Una delle obiezioni che ho condiviso, perché è stata una domanda che mi sono posta da subito, è quella che ritiene che un Coach non può far andare il suo Coachee oltre le proprie capacità e le proprie conoscenze (purtroppo all’epoca non ho salvato l’articolo che ne parlava e non posso richiamarlo).

In effetti, questa obiezione ha il suo fondamento finché si rimane ancorati alla tecnica e non si approfondisce la filosofia alla base del Coaching. Andando avanti con studio e sperimentazione, ho compreso appieno la potenza della Maieutica che ne è alla base.

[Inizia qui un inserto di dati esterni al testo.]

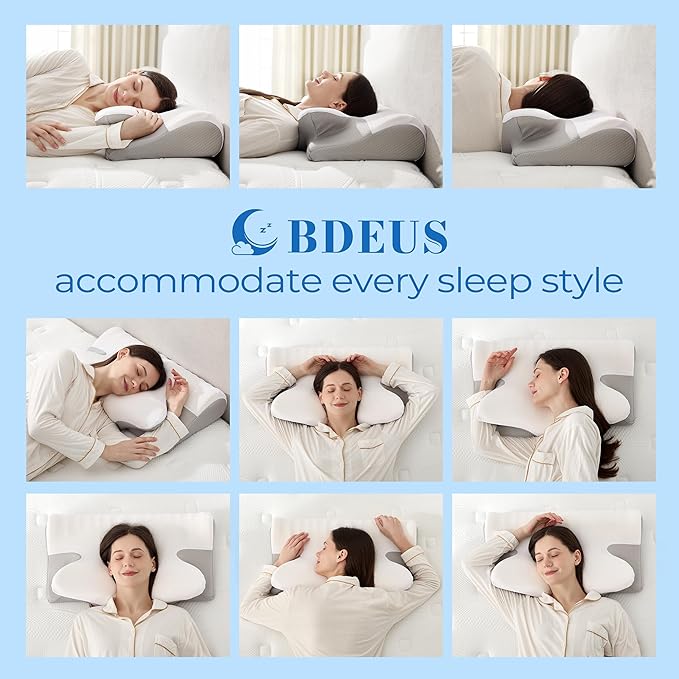 BDEUS Ergonomic Cervical Pillow for Side Sleepers, 2-in-1 Contour Orthopedic Memory Foam Pillow for Neck Shoulder Pain Relief, Sleep Apnea, Anti Snore, Pillow with Arm Rest, Head Cradle, White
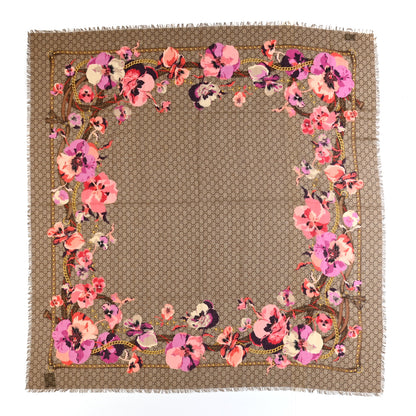 Gucci Wool Jacquard GG Monogram Big Panshie Fringe Shawl Roseate Beige 1 of 4
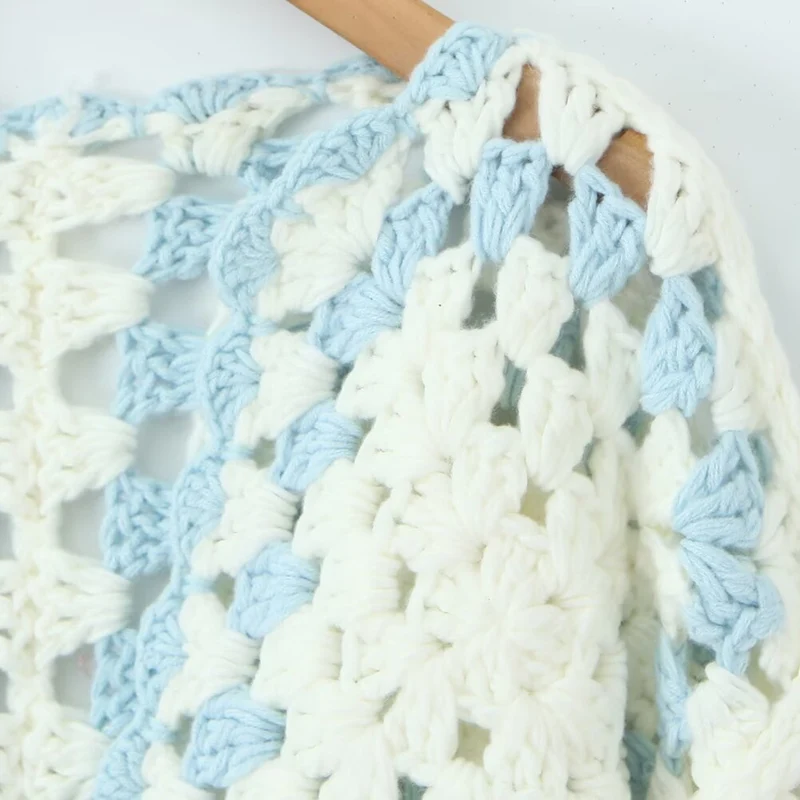 Damen Gehäkelte Granny‑Square Cardigan mit weitem Ärmel und Bindegürtel Nord Taschen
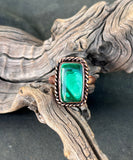 I couldn't pass up this beautiful Malachite and Copper Ring! The gorgeous natural green patterns of the Malachite make this piece truly eye-catching, but it's the little heart tucked into the design that makes it extra special. ❤️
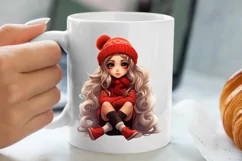 Cute Christmas Little Girl Sublimation Clipart Product Image 5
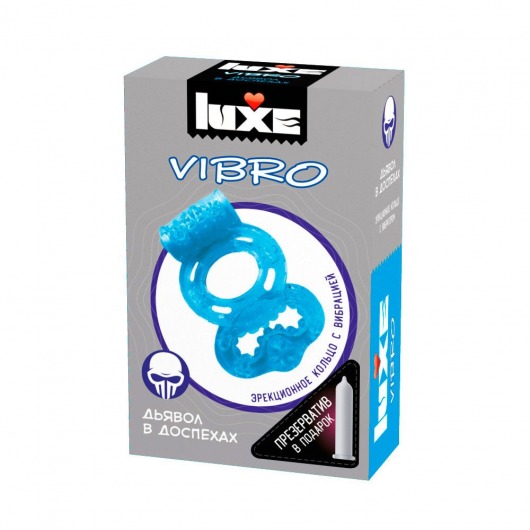 Голубое эрекционное виброкольцо Luxe VIBRO  Дьявол в доспехах  + презерватив - Luxe - в Находке купить с доставкой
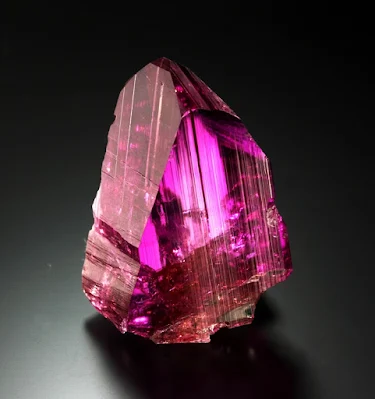 Intense purple-pink tanzanite crystal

Infatti, solo rimanendo fedeli alla filosofia del Coaching di sostenere il Coachee nella scoperta delle proprie risorse, si può evitare il rischio di portarlo solo per vie conosciute e personalmente sperimentate; con la conseguenza che potrebbero essere inadatte a lui, insufficienti e atte a tarpare le sue evoluzioni, eccessive per le sue doti e i suoi talenti.

Lo spirito del Coaching, infatti, come rispecchiato nel profilo definito dall’associazione AICP, cui appartengo, prevede un saper fare tale che il Coach sia capace di

“Stimolare nel coachee l’apprendimento e la consapevolezza”

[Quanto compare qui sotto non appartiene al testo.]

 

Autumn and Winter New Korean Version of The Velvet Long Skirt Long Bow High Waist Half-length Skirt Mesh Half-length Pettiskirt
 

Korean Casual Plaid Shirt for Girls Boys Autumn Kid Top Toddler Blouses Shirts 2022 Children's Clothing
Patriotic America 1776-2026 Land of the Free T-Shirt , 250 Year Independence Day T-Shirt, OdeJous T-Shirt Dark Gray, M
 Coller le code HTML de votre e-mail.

“Elaborare piani di azione tenendo conto di ostacoli e alleati”

“Promuovere l’autonomia del Coachee”

“Stimolare il Coachee all’azione ed ai risultati”

Infatti, è attraverso l’azione e la riflessione sulla realizzazione stessa del processo che il Coachee ha la possibilità di esplorare e scoprire sé stesso, le sue potenzialità e i suoi talenti. Questo permette al Coachee di evolvere sulle proprie risorse e non sull’esperienza del Coach.

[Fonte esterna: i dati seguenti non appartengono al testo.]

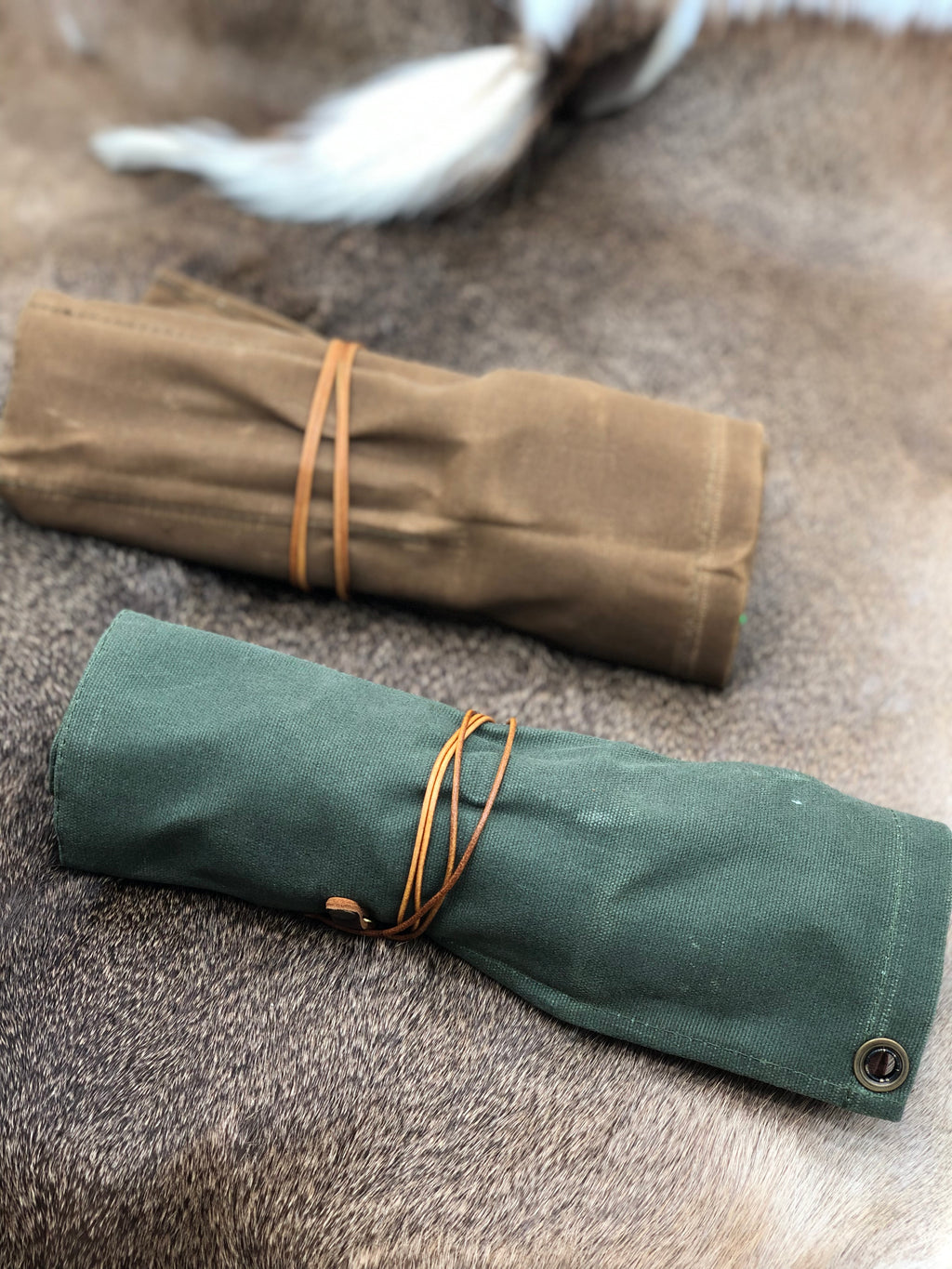 Wax Canvas Roll Up Organizer  - Tan & Green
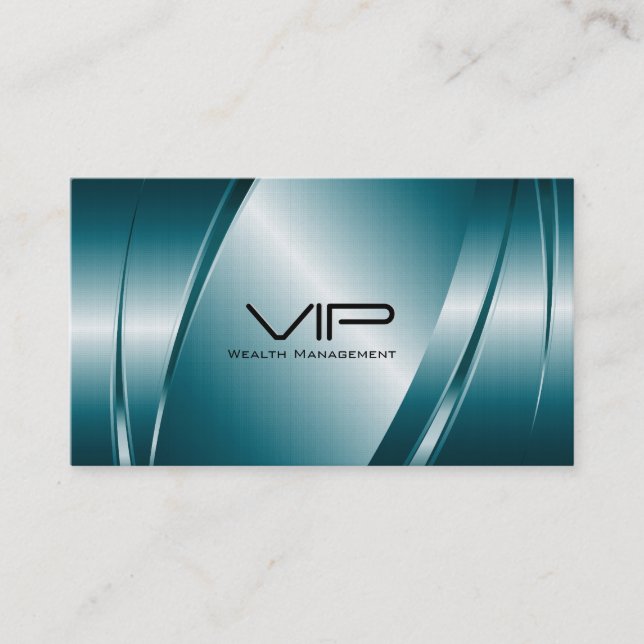Metallic Blue-Stainless Steel look Business Card (Front)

Per questo il Coaching è un intervento di processo: ti insegno come procedere e diventare indipendente dal Coach; ti insegno quali sono le domande da porti per valutare se la strada intrapresa è la più efficace.

Ovviamente questo non impedisce che si ritorni a fare dei Pit-Stop col proprio Coach, se il rapporto costruito è stato davvero di supporto, rispetto e apprezzamento dell’individualità del Coachee.

Il Coach non solo non può dare risposte e verità; l’essenza del suo operato è quello di mettere nella mani del Coachee gli strumenti con atteggiamento socratico del “sapere di non sapere”, così da lasciare che il Coachee scopra da sé:

  • Se gli obiettivi che si è posto sono quelli giusti per lui
  • Strade che mai avrebbe immaginato di poter intraprendere
  • Scoprire strade nuove che mai avrebbe pensato esistessero
  • Costruire nuove strade

Questo è importante perché se è vero che non si può diventare tutto ciò che si vuole perché ci sono anche condizioni di contesto, di risorse che non rendono ogni progetto realizzabile; E’ anche vero che il desiderio di evolvere non può essere mortificato dalle decisioni altrui. Le aspirazioni, le ambizioni, gli obiettivi desiderati sono lo strumento che l’uomo ha per darsi alla vita: scoprire esattamente chi si è e quale valore aggiunto si porta con sé. Questo presuppone una guida che abbia la profonda consapevolezza della potenzialità di ogni essere umano e che spesso questa è sepolta sotto le convenzioni dell’ambiente, le aspettative degli altri, le condizioni del contesto socio-economico e tutto ciò che è al di fuori dell’individuo e lo definisce, lo inquadra, lo bollina senza alcuna capacità di ascoltarlo e valorizzarlo per quello che è.

Questo discorso vale in un contesto sociale quanto in quello professionale.

Il coaching è una metodologia di sviluppo delle competenze ma anche e soprattutto un modo di approcciarsi alla vita e alle relazioni; dove per relazioni si intendono quelle con gli altri ma anche quella con la vita e sé stessi.